Simple, reliable, efficient devices proliferate worldwide and span decades, if not centuries. Let’s look at a few.
Woks keep knives in the kitchen (and out of guests’ hands, a plus if you’re dealing with bristly warlords) and maximize the heat-energy used to cook. Bicycles need no external fuel, and transform humans into load-carrying machines-not to mention their basic transportation function. The simplicity and usefulness of these devices means that millions are used daily, subtly altering the trajectory of civilization.
Let’s toss electricity into the mix. Nokia released their iconic 3310 mobile in 2000. During those feature phone days, the 3310 was the shiznit. It made calls and allowed threaded SMSs, and the battery (about the size of a large chocolate mint) was legendary. The phone was beloved by its users, although entertainment was mostly limited to Snake: a simplistic game that proved surprisingly addictive.
I’m bored, swap the case!
I was one of the 126 million who bought a 3310. In Asia, retailers offered cheap swap-’em-out plastic cases for popular phones. I liked that the phone “could be infinitely customized with garish fascias,” as UK newspaper The Telegraph put it. My favorite was combining a white case with a silver case: by using a white top with a silver bottom I was able to spoof the look of an iPod (then available only in that color-configuration).
Case-swapping was silly, but the phone was rock-solid. Drop it, kick it around, let the dog chew on it...it’d still work. You could carry a spare battery in your wallet, but you probably wouldn’t need it. The 3310 had a magic aura about it other Nokia handsets couldn’t match. According to Wikipedia, in 2015 the Nokia 3310 was chosen as one of the first three “National Emojis” for Finland.
Publicity coup
In 2017, as manufacturers release sleek lookalike Android-powered phones, Nokia decided to one-up the “shiny rectangle” form factor by going retro. And someone in Nokia’s PR chain had a stellar publicity idea: re-issue the long-discontinued phone with new features.

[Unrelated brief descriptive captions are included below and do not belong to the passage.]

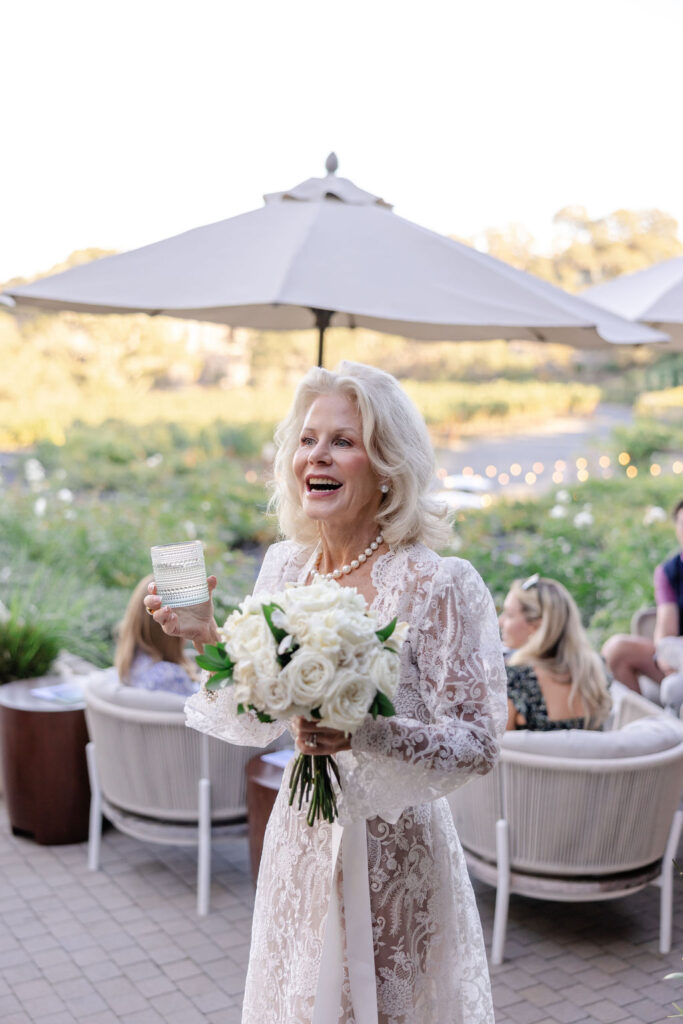 Bride holding a white rose bouquet during cocktail hour at Montage Healdsburg, smiling as guests mingle on the outdoor terrace.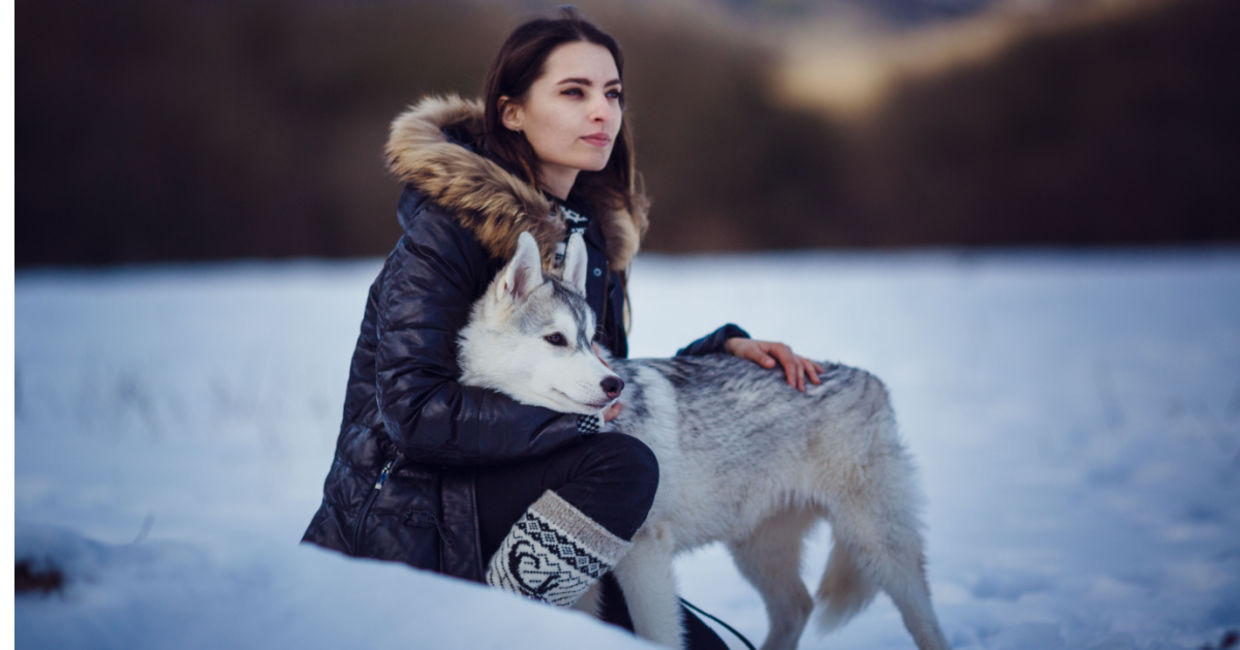 Indigenous woman with her dog companion.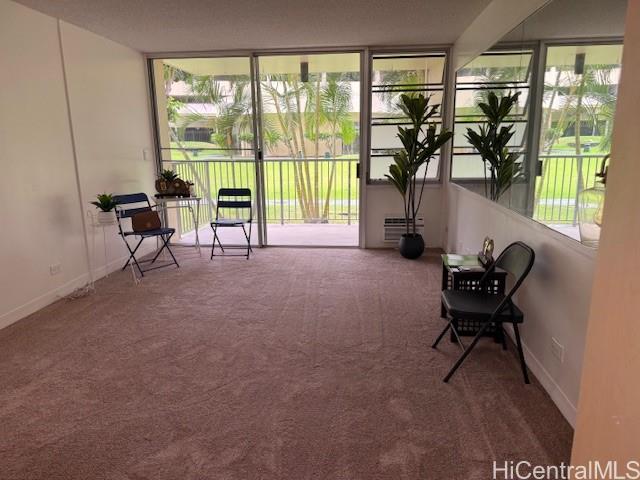 3161 Ala Ilima Street, Unit 107 Honolulu, HI 96818 - Photo 9 of 23 a living room with furniture and a floor to ceiling window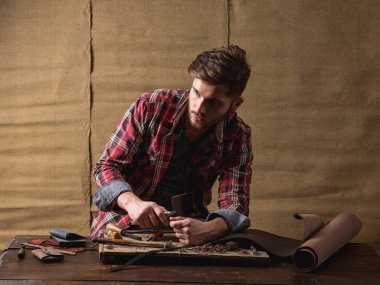 ahşap masa üzerinde deri ile kırmızı gömlekli sakallı yakışıklı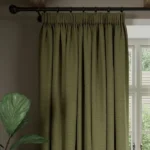 Pleated olive green soundproof curtain hangs on rod.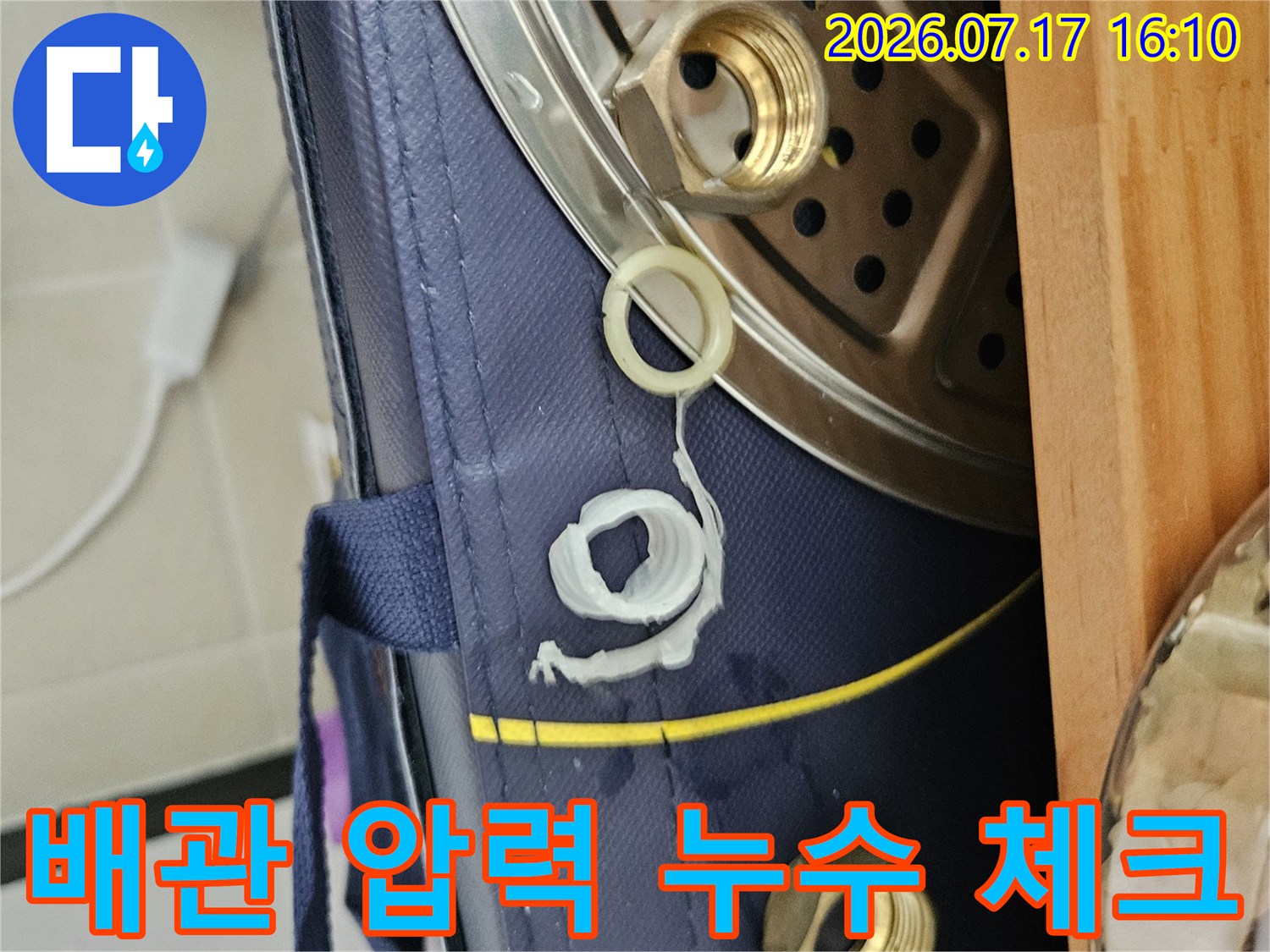 황동 소재의 배관 연결 부위에 공압 테스트용 장치를 부착하여 점검하는 현장 모습입니다.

The telecoms press erupted when the 3310 2.0 version-manufactured by Finnish company HMD Global-was announced. How much of the original not-so-smart phone would be retained? And...what about that snake game?
80 grams of 2.5g
Unsurprisingly, the new 3310 adds features like a micro-SD card slot, a color screen, even a built-in camera with a stonking 2 megapixels for those precious selfies. And while the battery on the original 3310 was impressive, the new phone promises “22-hour talk-time and month-long standby” on a single charge. Gloss finishes in yellow and “Warm Red” have that shiny candy look, but more sedate users may prefer matte finish dark blue or grey.
And no one’s forgotten Snake, which kept users of the original glued to the 3310’s keyboard, trying to keep an incrementally lengthening digital snake from doubling back on itself as it slid around the 48x84-pixel monochrome screen. “Snake will be snaking its way back into people’s hearts,” said HMD in a statement, promising a new version “available to play on Messenger, part of Facebook’s Instant Games cross platform experience.” At press time there was no information on whether users not hooked into the Facebook mothership can use Snake as a standalone game.
All sounds good, but what about that 2.5G cap?
2G or not-2G
“Yes, [the] Nokia 3310 is a 2.5G phone,” said an HMD spokesperson. “We will start rolling it out in Q2 to markets where a 2.5G device is demanded by our customers.”
OK, but some markets are closing down their sub-3G networks-the latest being Singapore, whose telcos shut their 2G networks on April 1 (no joke) to free up spectrum for future use. No 2G network access effectively turns the new 3310 into a shiny red or sedate blue brick.
You could still play Snake assuming you don’t have be tethered to Facebook 24/7.
Asked about the possibility of a 3G version, the HMD spokesperson said: “We are focusing the shipping start of Nokia 3310 in Q2 right now. We won’t comment on our future plans.”
Fair enough. The introduction of mobile telephony to developing countries has changed the lives of countless villagers, and a phone with massive battery life and the ability to deliver, say, the latest crop prices via SMS, carries great value in some parts of the world. The 3310 was part of that original revolution and, like the legendary Ouroborous snake that eats its own tail, its reintroduction takes us back to the future once again.